The British made their first demonstration jump in November 1940 when four Whitley bombers dropped 50 paratroopers. In the same month, General ‘Boy’ Browning was appointed General Officer Commanding Airborne Troops. By the end of December 1940, everything was in place to create the British 1st Airborne Division whose distinctive mark was to be the maroon beret and a shoulder patch with Bellerophon astride the winged horse Pegasus.
In America, an airborne brigade was discussed in 1939 by the Chief of Infantry. A parachute test platoon came into being in June 1940 under the control of the Infantry. This platoon was headed by Major William Lee. In the autumn of 1940, a parachute battalion was created in America and a parachute school was founded at Fort Benning in Georgia. The Americans, like the British, experimented with the use of gliders to deliver their men to a drop zone.
Both Britain’s and America’s airborne divisions tended to total about 9,000 men. The tendency was to go for lightly armed men to boost their ability to move around a battlefield. This put them at a disadvantage on the ground if they were confronted by tanks and other armoured vehicles. The damage down to the Germans in Crete taught a lesson to the British and Americans in that any area that was prepared for an airborne attack, would result in heavy losses for the attackers.
Airborne soldiers at D-Day took disproportionately high casualties compared to the beach landings (with the exception of Omaha) while the airborne attack on Arnhem proved to be a failure. The success of the Allies in using parachute regiments to capture airstrips in Burma was only due to the involvement of ground forces as well as airborne troops. In the western sector of Europe, the speed of the Allies advance was such that the time to plan and co-ordinate a massed airborne raid was never available.
Most senior military commanders saw the role of the airborne troops simply as to seize strategic sites (such as bridges in the example at Arnhem) and to hold them until ground troops arrived. In ‘Operation Varsity’, airborne troops held a ridge overlooking the River Rhine to give support to the ground troops who needed to cross the river before moving on. In this example, the paratroopers were also expected to fight off any German attack which would hinder the speed of the crossing of the River Rhine.

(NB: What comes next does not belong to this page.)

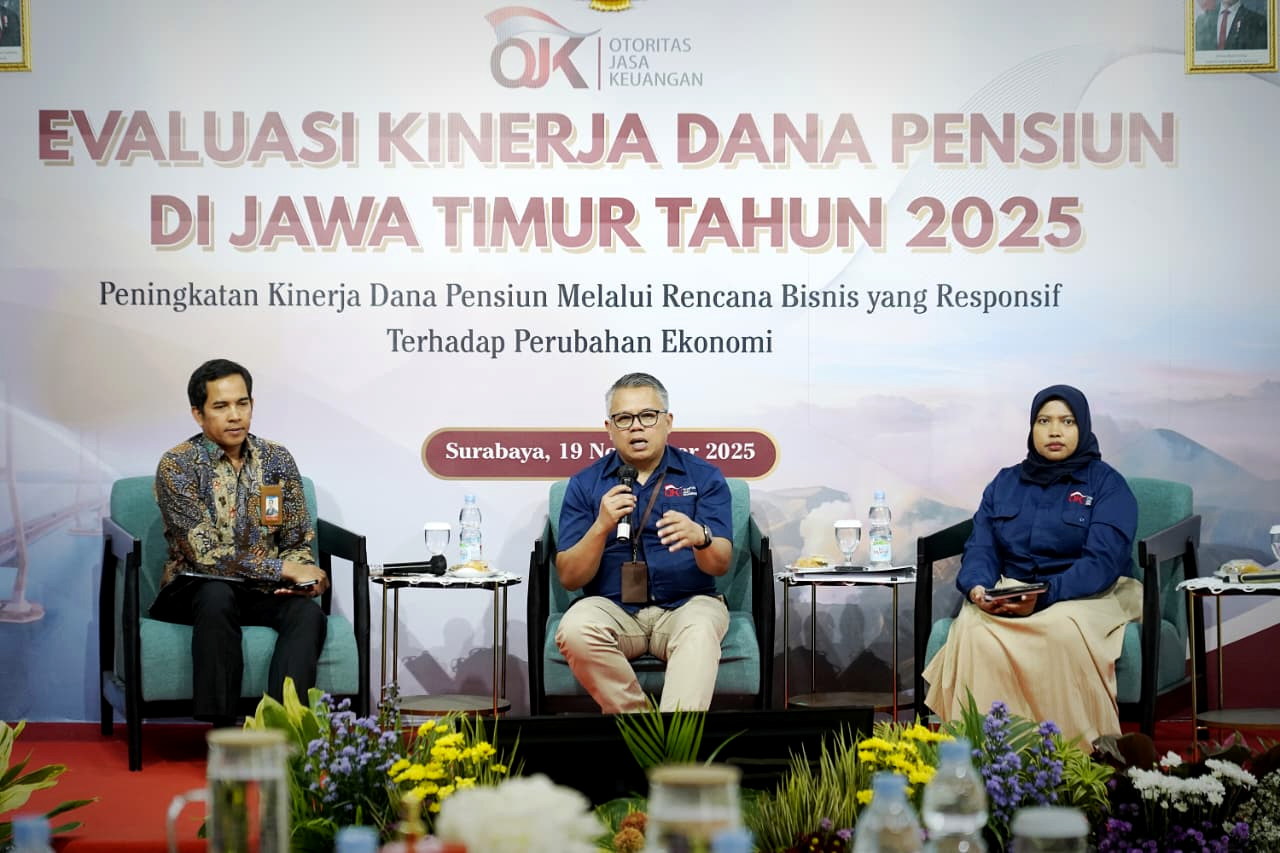 Dana Pensiun cukup resilien di tengah pelambatan pertumbuhan industri jasa keuangan pada semester ketiga 2025. (Foto: dok.OJK)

On many occasions, paratroopers were used as normal infantrymen. This happened in both the European conflict as well as in the Pacific. During the Battle of the Bulge, Eisenhower used three airborne divisions as infantry units to fight off the German counter-offensives. In the Philippines, the US 11th Airborne Division fought as regular infantrymen.
“As impressive in number, size and accomplishment as were the airborne attacks of the Second World War, only the one fully independent airborne attack – the German invasion of Crete – can be said to have been decisive. This inevitably raises the question whether airborne troops were essential to the arsenal of the modern army or whether they were an unnecessary luxury.”